*The data*.
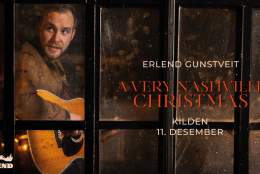 A very Nashville Christmas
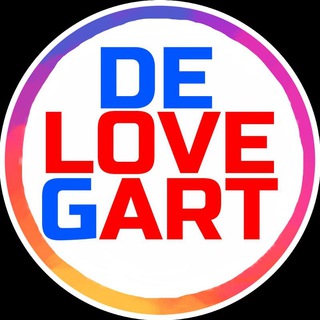 Telegram profile photo for Delovegart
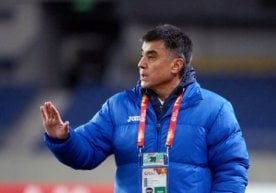 Ravshan Haydarov: «Hammaga o‘zining bolasi Messi yoki Ronaldu bo‘lib ko‘rinaveradi» фото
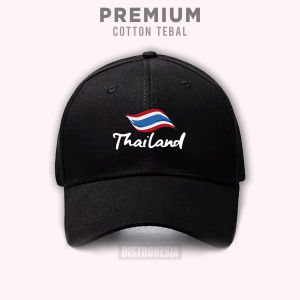 Topi Thailand Premium Cotton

*Work item*. The listing above should be repeated word for word, with every image left out.

*Answer to this problem*.
 A very Nashville Christmas
 Telegram profile photo for Delovegart
 Ravshan Haydarov: «Hammaga o‘zining bolasi Messi yoki Ronaldu bo‘lib ko‘rinaveradi» фото
 Topi Thailand Premium Cotton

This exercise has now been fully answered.